Once you take note of the timing of all procedures during the exam day, you can spend your time up to the minute for mental preparation as well. What I did last time was to get processed along with the stream of people and just before entering the examination room to step aside for a 40 minutes walk at the hallway, because I knew exactly when the instructions start and that once I enter I'll be sitting for hous. Added benefit is that walking clears my head and helps me concentrate


----------



## sino (Mar 14, 2014)

I agree to most of the comments posted on this thread. My experience with IDP was terrible, from hall arrangements to result announcement. They withheld my result for 40 days ( reason given was random qaulity checks ) and only to my surprise i was given 6 in speaking. Applied for reevaluation, and it was another 60 days wait.

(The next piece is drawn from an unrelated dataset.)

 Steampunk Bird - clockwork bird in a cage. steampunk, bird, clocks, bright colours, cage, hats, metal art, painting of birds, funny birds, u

Needless to say, customercare behaviour was very rude, as if I am availing some free service from them.

My frank opinion is to go for BC instead of IDP. Atleast we can avail a professional conduct of exam and after-exam services.


----------



## JBY (May 17, 2011)

TorukMakto said:


> Hi Guys,
> 
> Just wanted to warn you if you are planning to appear for IELTS then I would suggest not to go through IDP. Besides there mismanagement in conducting the exams they also failed to deliver the results in time.
> 
> ...


There seems to be alot of hate against IDP, there is some legitamte issues with IELTS testing as a whole so its understandable. 

However i personally had a good experience. But keep in mind i did it in Doha back then


----------



## evangelist (Oct 5, 2014)

I too had a decent experience with IDP. Honestly, nothing to complain about - right from the registration through the exam and results. BC dates were all booked up for 3 months when I registered, so IDP was the only option. IDP conducts the general tests more frequently than BC. Came to know from the invigilator about the dramatic rise in ielts applicants over last 6 months. Not sure if that is reason for the issues some of the guys on the forum faced.


----------